General rule for performing the normality check

Note, it often takes practice to get a sense for whether or not a normal approximation is appropriate.

Normality Assesment (1/2)

Consider the four plots provided that come from simple random samples from different populations.

Are the independence and normality conditions met in each case?

Histograms of samples from two different populations.

Histograms of samples from two different populations.

Normality Assesment (2/2)

The t-distribution (1/2)

Comparison of a $t$-distribution and a normal distribution.

Comparison of a \(t\)-distribution and a normal distribution.

The \(t\)-distribution is always centered at zero and has a single parameter: degrees of freedom. The degrees of freedom describes the precise form of the bell-shaped \(t\)-distribution. In general, we’ll use a \(t\)-distribution with \(df = n - 1\) to model the sample mean when the sample size is \(n\).

The t-distribution (2/2)

The larger the degrees of freedom the more closely the $t$-distribution resembles the standard normal distribution.

The larger the degrees of freedom the more closely the \(t\)-distribution resembles the standard normal distribution.

Case Study I: Mercury content in Risso’s dolphins

We will identify a confidence interval for the average mercury content in dolphin muscle using a sample of 19 Risso’s dolphins from the Taiji area in Japan.

Summary of mercury content in the muscle of 19 Risso’s dolphins from the Taiji area. Measurements are in micrograms of mercury per wet gram of muscle \((\mu\)g/wet g).
n Mean SD Min Max
19 4.4 2.3 1.7 9.2

Are the independence and normality conditions satisfied for this dataset?

Case Study I: One-sample t-interval (1/2)

One-sample t-intervals

\[ \begin{aligned} \text{point estimate} \ &\pm\ t^*_{df} \times SE \\ \bar{x} \ &\pm\ t^*_{df} \times \frac{s}{\sqrt{n}} \end{aligned} \]

Using R to find the critical \(t^*\) with \(df=18\)

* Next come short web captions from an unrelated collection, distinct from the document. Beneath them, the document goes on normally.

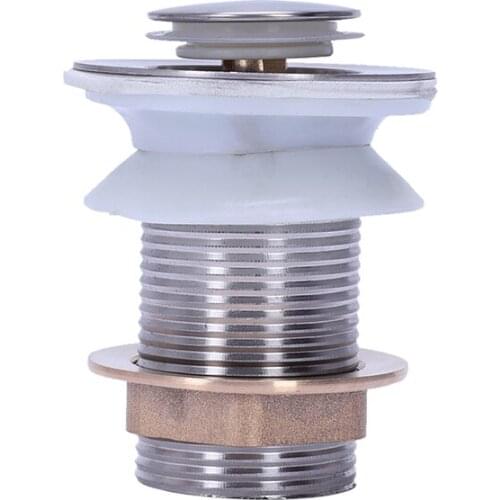 8 cm plug -up For Automatic Sink wash basin without Overflow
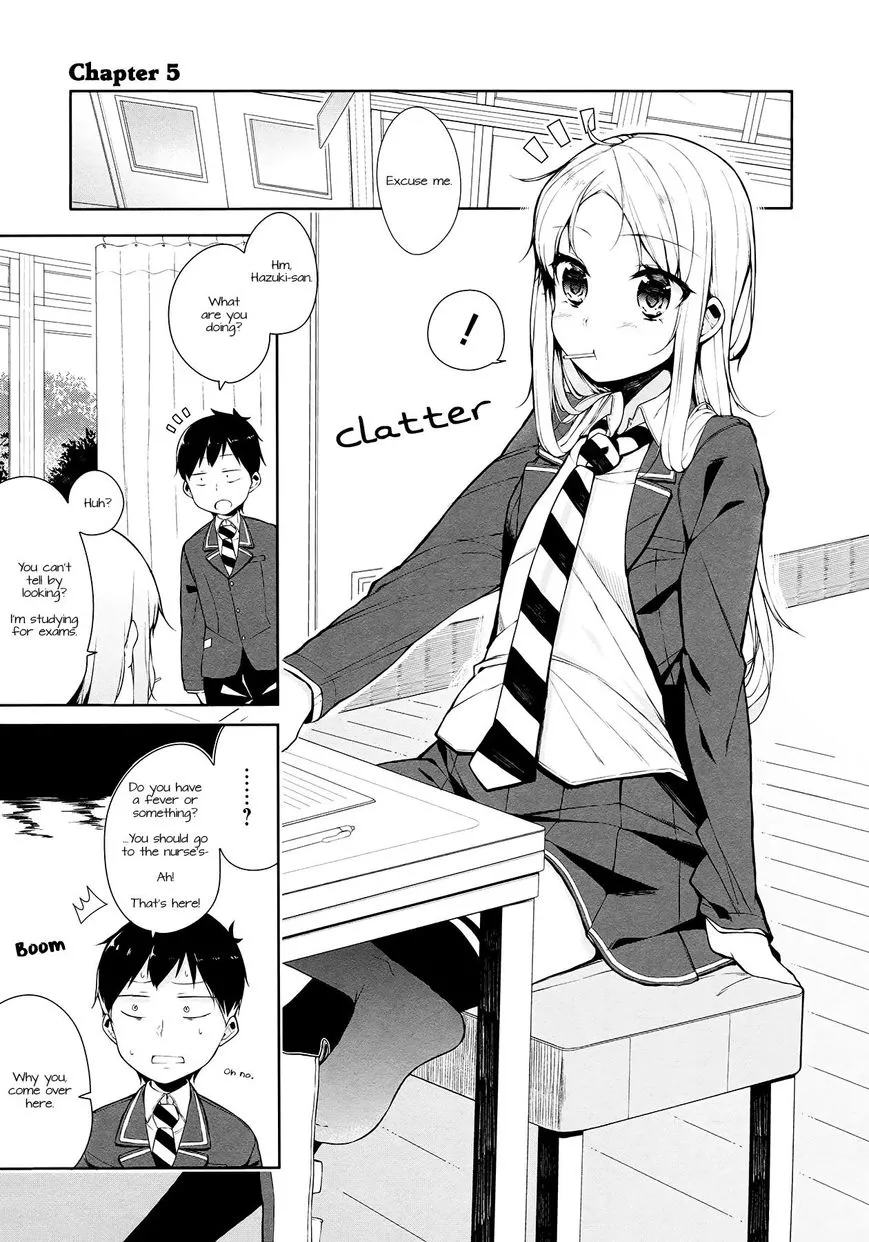 Read Hazuki Kanon wa Amakunai. Chapter 5 Online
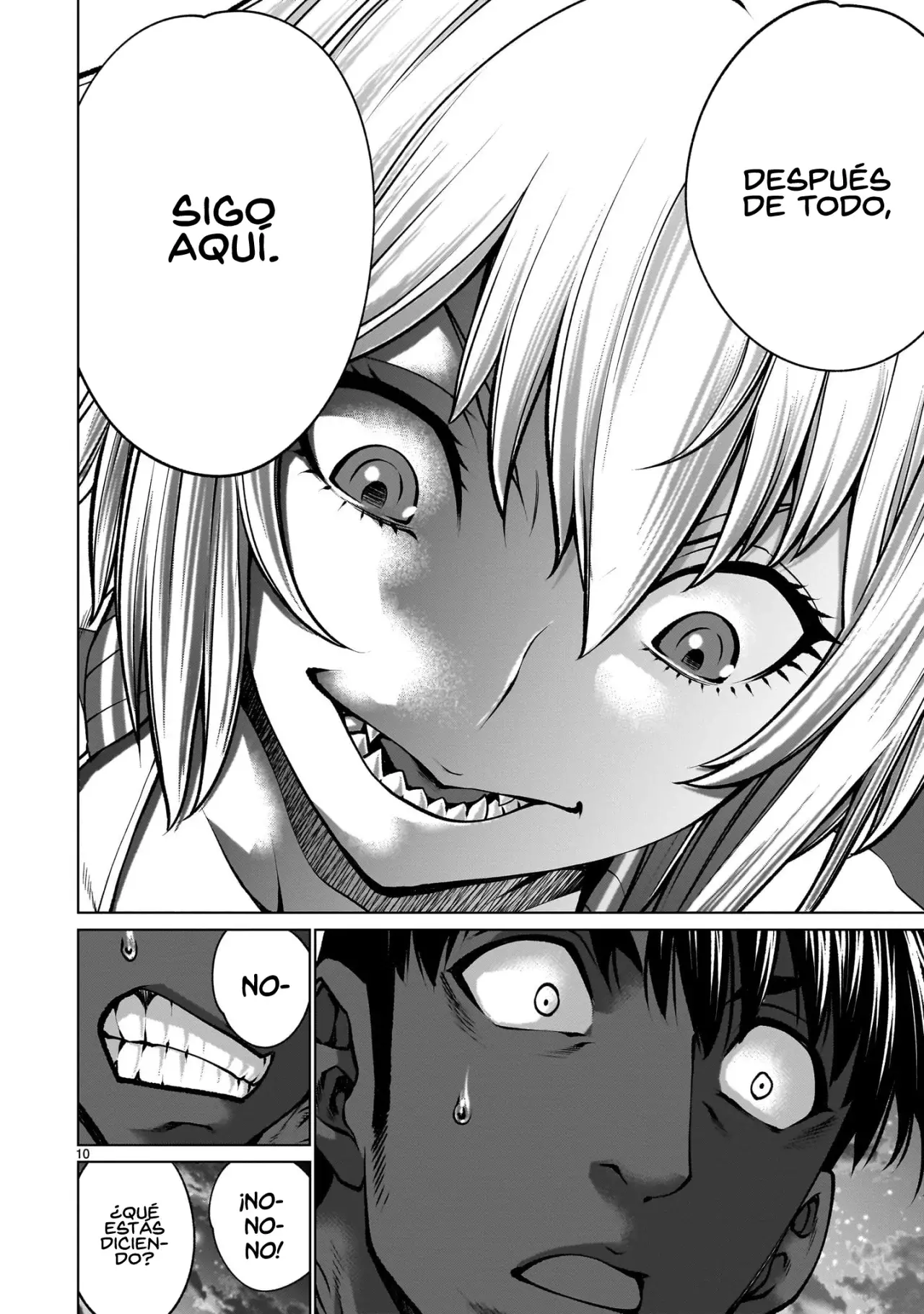 Killing Bites capítulo 134, página 11
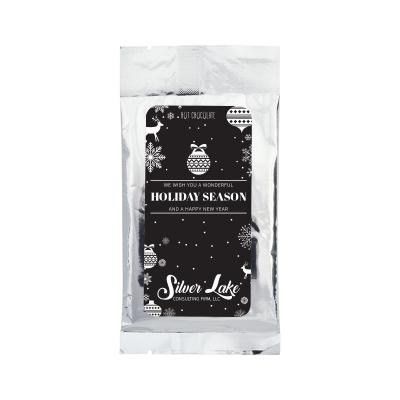 Hot Chocolate Packet with Custom Label - 3 x 6 in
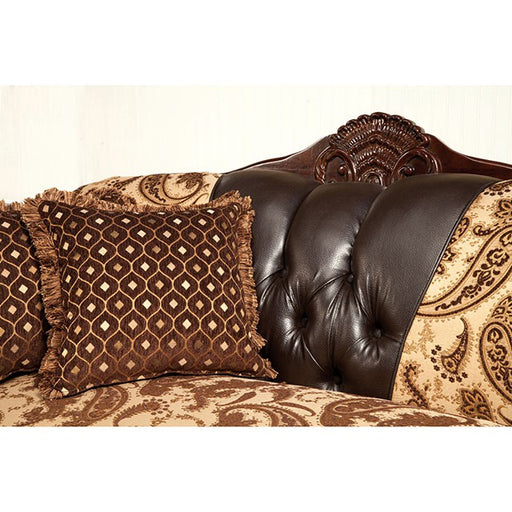 Bonaparte Love Seat - R&R Furniture Gallery (Fountain Valley, CA)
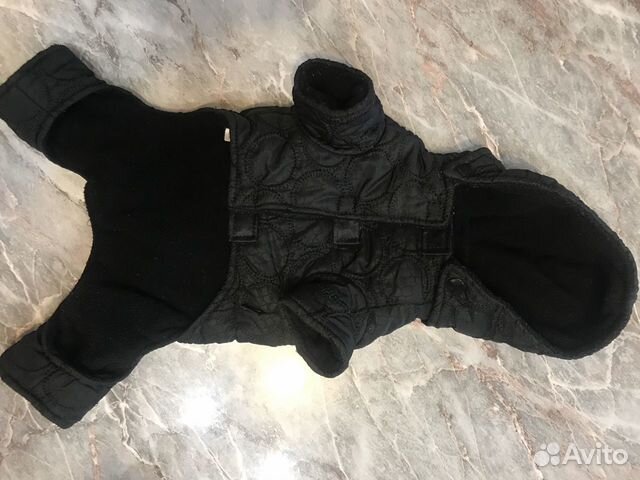 Тёплый комбинезон для собачки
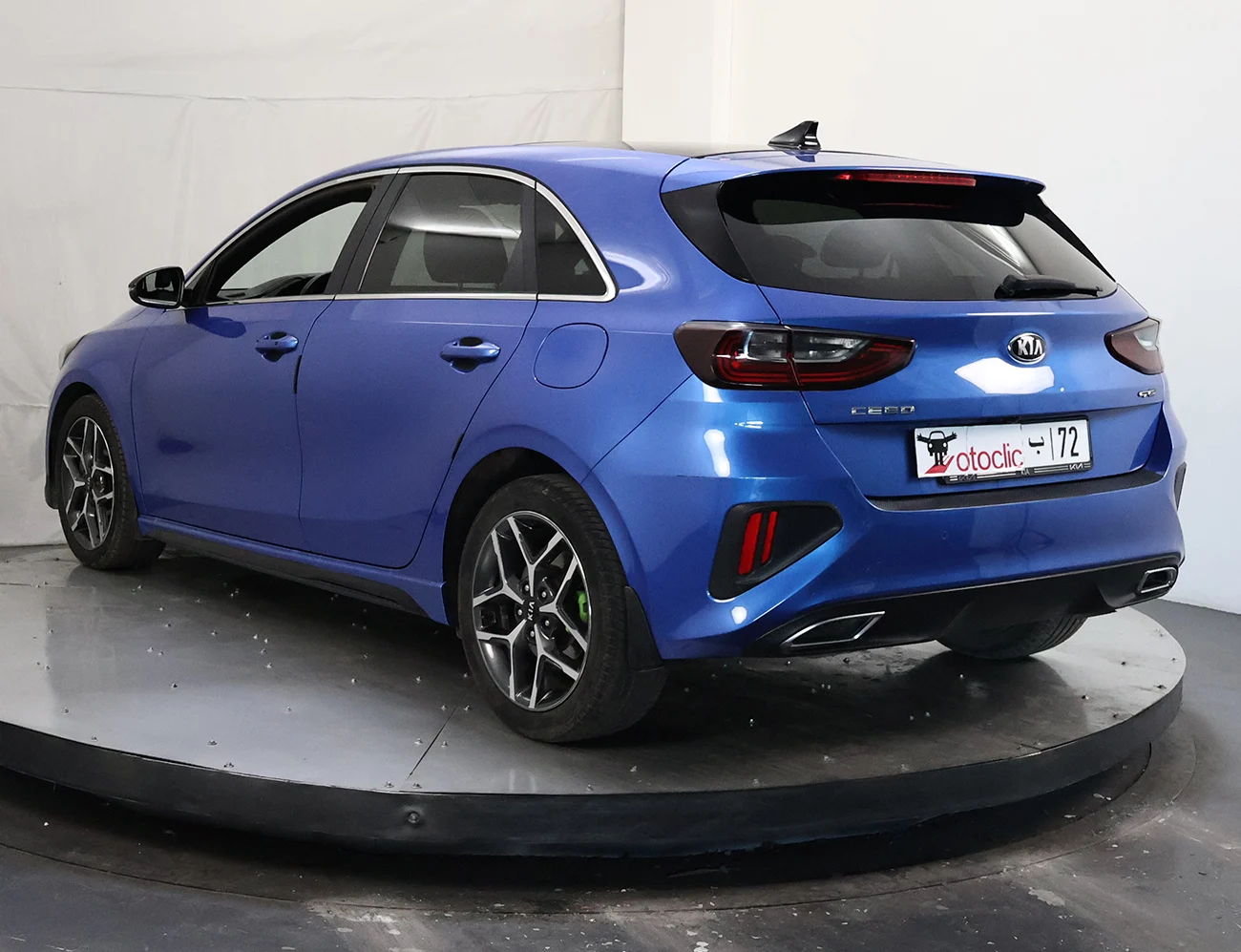 Kia Ceed 1.6 CRDi 136 MHEV GT Line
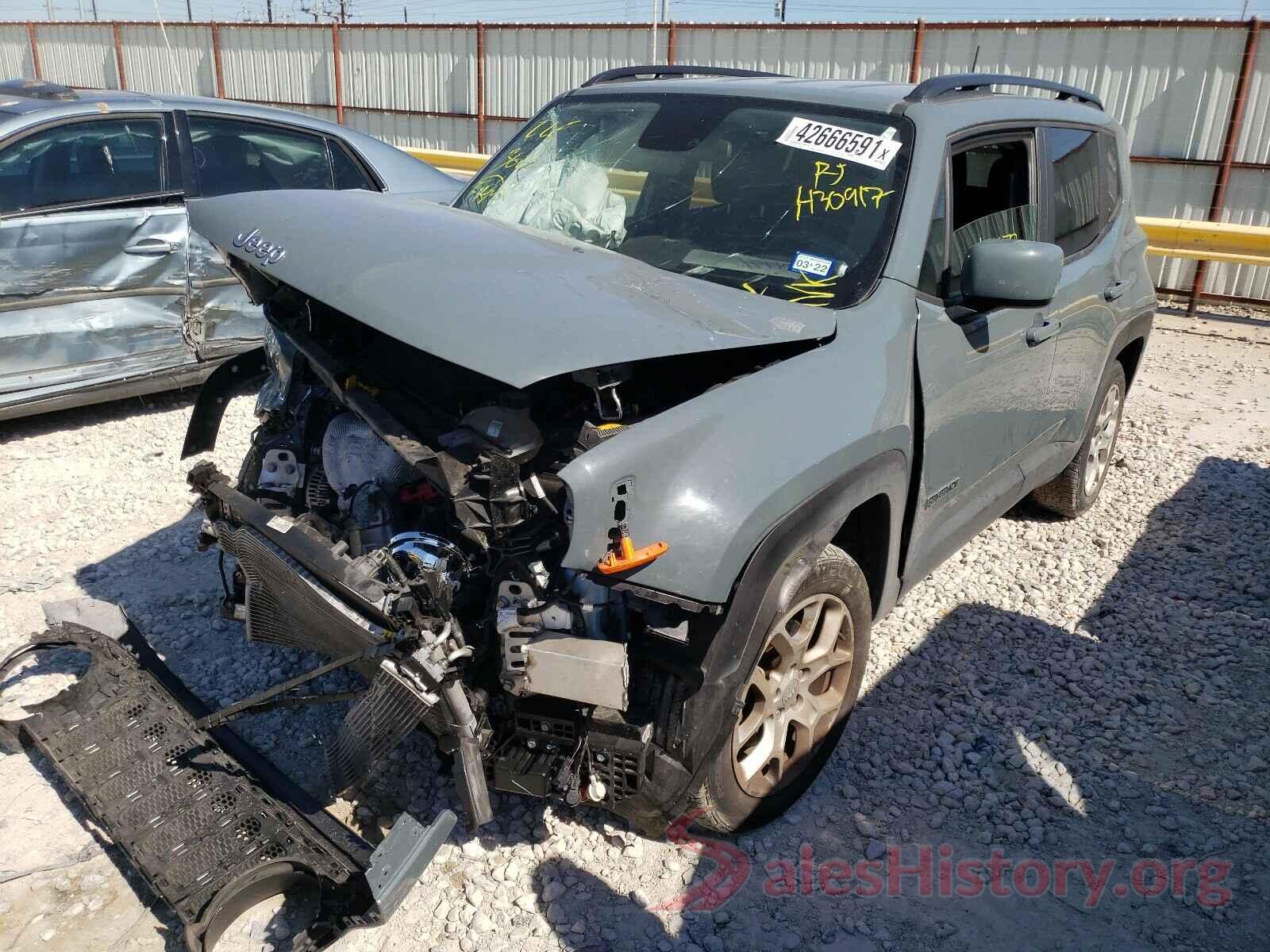 ZACCJABB5JPH30917 2018 JEEP RENEGADE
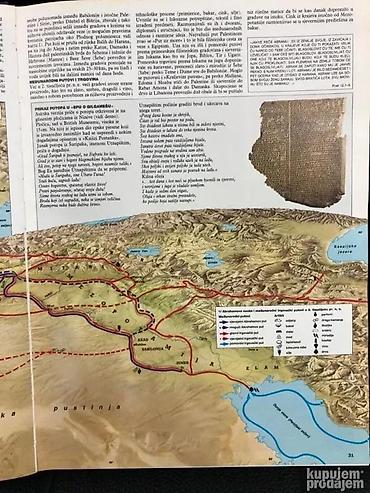 Knjige: Biblijski atlas – The Times - Izdavač: Cankarjeva založba - Jezik — 8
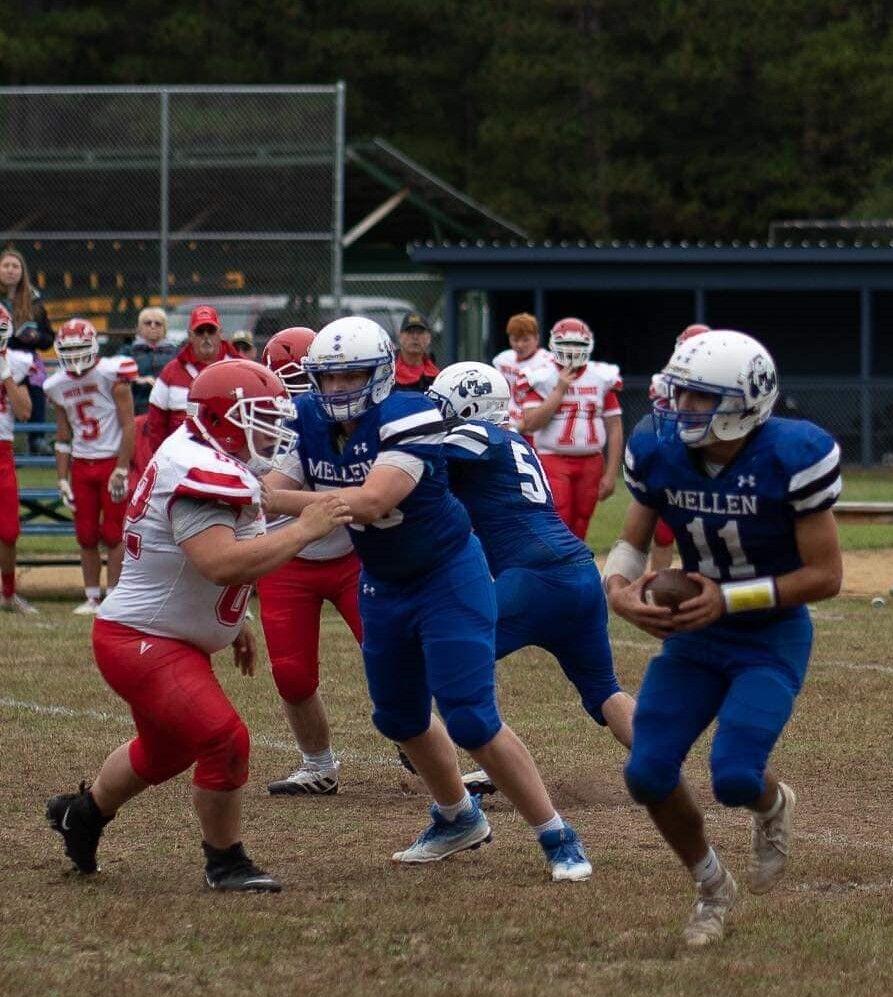 Mellen, Washburn players honored High School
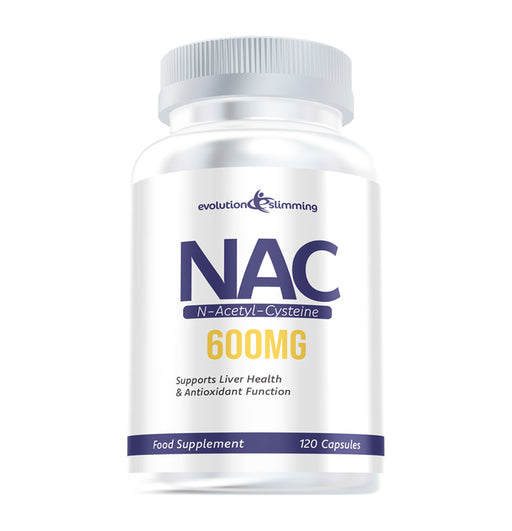 NAC - N-Acetyl Cysteine 600mg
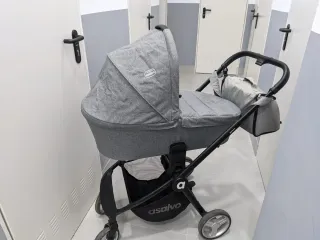 Carrito Asalvo Trío Genius + Isofix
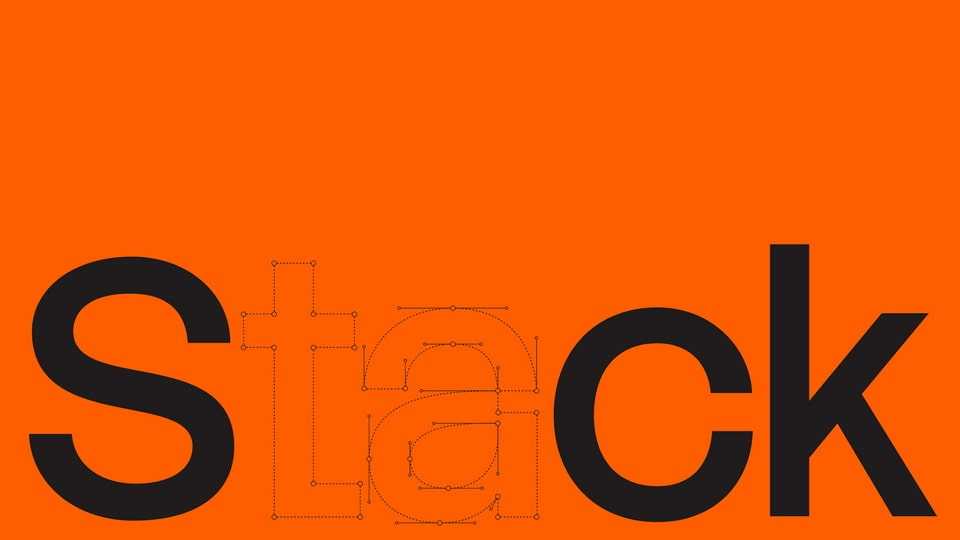 Stack Sans Font Family › Fontesk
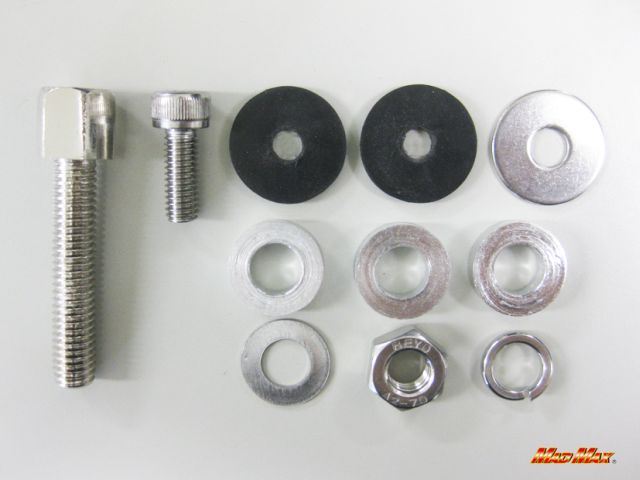 130φ/180φビキニカウル用ボルトセット 8mm 汎用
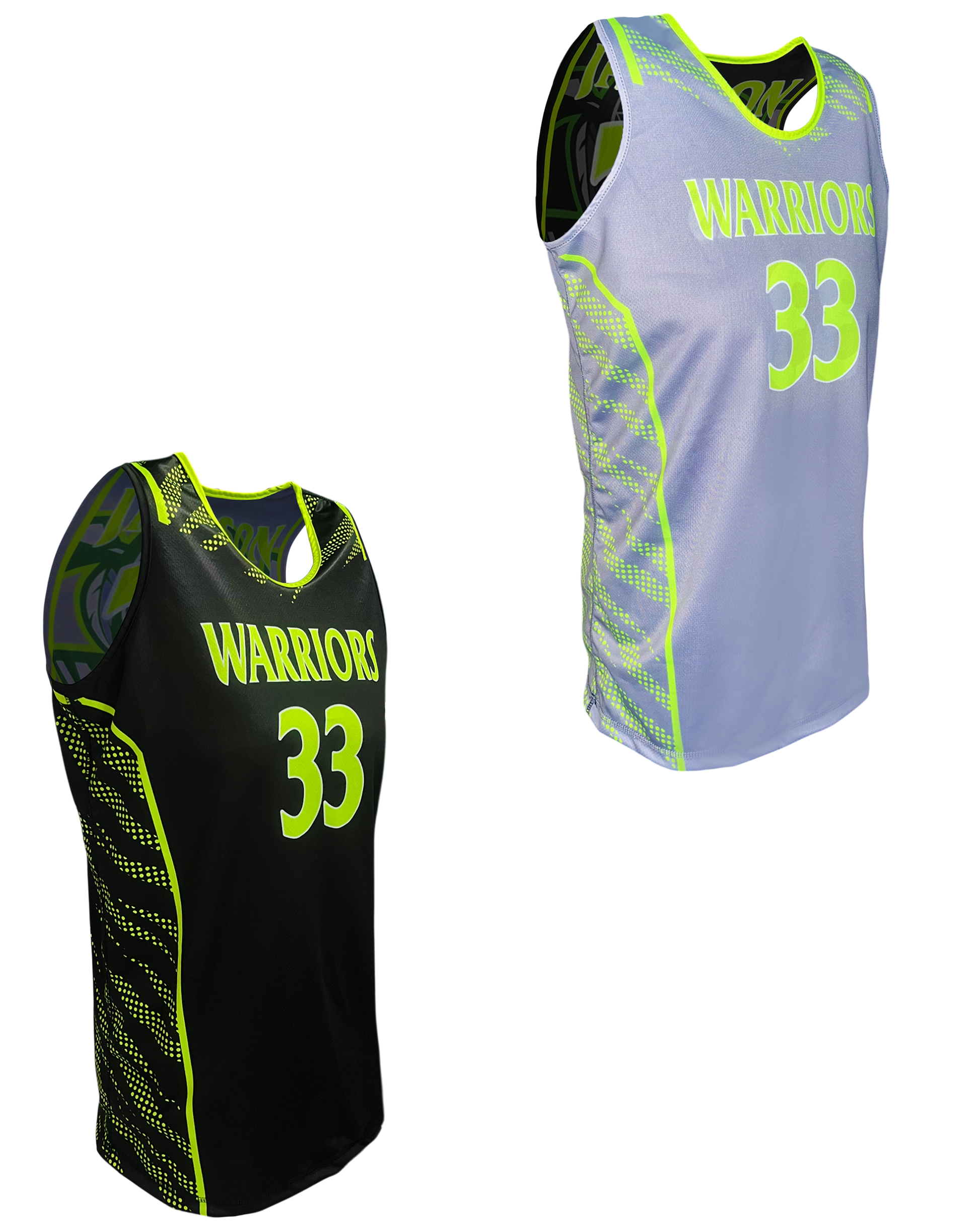 Pro Single Layer Reversible Basketball Jersey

cl <- 0.95 # confidence level
lt <- (1-cl)/2 # lower tail probability
df <- 18 # degrees of freedom
qt(lt, df) # t-star
## [1] -2.100922

Case Study I: One-sample t-interval (2/2)

\[ \begin{aligned} \bar{x} \ &\pm\ t^*_{18} \times SE \\ 4.4 \ &\pm\ 2.1009 \times 0.528 \\ 4.4 \ &\pm\ 1.1093 \\ \end{aligned} \] \[(3.29,5.51)\]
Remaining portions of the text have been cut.